Re: A Husband's Dilemma by HaneefahRN(f): 10:50pm On Jul 25, 2016
keepingmum:
i hope in the unfortunate event that his business is unsuccessful and/or doesnt do well - he will be able to count on those "friends" to pay his children fees, his house rent, build his personal house, feed his family, perform his responsibilities and that of his wife to their extended family members, change his and his wife's cars. Give his wife her monthly home allowance and monthly personal allowance.

Pay for their visits to the village, holiday trips with the family, recharge cards etc

If they decide to have more children, I hope the friends will foot the maternity bills and everything else.

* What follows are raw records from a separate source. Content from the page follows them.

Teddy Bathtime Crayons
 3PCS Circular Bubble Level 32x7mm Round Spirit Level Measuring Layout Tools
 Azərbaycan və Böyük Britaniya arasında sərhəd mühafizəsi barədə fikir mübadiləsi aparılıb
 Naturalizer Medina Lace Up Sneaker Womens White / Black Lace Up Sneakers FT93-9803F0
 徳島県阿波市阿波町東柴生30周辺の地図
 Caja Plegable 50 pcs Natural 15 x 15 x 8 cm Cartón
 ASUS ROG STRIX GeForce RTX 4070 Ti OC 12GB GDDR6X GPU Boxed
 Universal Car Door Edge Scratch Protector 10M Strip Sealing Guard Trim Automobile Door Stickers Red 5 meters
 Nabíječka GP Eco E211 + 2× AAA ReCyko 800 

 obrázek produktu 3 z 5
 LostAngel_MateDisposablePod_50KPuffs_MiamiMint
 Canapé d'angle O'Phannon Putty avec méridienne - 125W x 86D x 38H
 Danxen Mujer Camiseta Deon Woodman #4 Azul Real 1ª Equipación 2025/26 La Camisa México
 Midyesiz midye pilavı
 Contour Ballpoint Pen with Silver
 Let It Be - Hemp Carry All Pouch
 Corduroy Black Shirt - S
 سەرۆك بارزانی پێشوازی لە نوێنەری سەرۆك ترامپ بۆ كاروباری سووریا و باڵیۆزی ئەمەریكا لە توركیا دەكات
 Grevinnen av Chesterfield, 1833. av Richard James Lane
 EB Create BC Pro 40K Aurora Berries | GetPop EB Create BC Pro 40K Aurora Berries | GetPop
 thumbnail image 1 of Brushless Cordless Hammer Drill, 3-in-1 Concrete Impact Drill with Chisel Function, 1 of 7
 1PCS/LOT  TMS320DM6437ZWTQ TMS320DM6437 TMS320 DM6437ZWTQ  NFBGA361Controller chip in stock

Finally, as these "wonderful friends/advisers" of his are still around, i am sure the man should have no qualms sharing his wife's kitty with them seeing as they are her husband, by proxy. They make decisions regarding her home and the buffoon, sorry husband she married, is infact just the messenger


Gbam!!!
Re: A Husband's Dilemma by Pidggin(f): 11:03pm On Jul 25, 2016
The man lacks maturity he is too old for this na

1 Like

Re: A Husband's Dilemma by Winneygirl(f): 11:11pm On Jul 25, 2016
How does one choose to retire when he doesn't have a solid backup financial plan?
I understand wanting to grow a business. But how does one quit a job when his business hasn't thrived to a point of paying him what he earns from his job?
.
Or is the wife's job the backup plan?
So if the wife doesn't take up this job, they'll starve?
.
Who are these friends by the way?

3 Likes

Re: A Husband's Dilemma by GoldenJAT(m): 8:35am On Jul 26, 2016
a confused person can't never be advised! let him sit and do whatever he wants ND tk responsibility 4 his actions afterwards!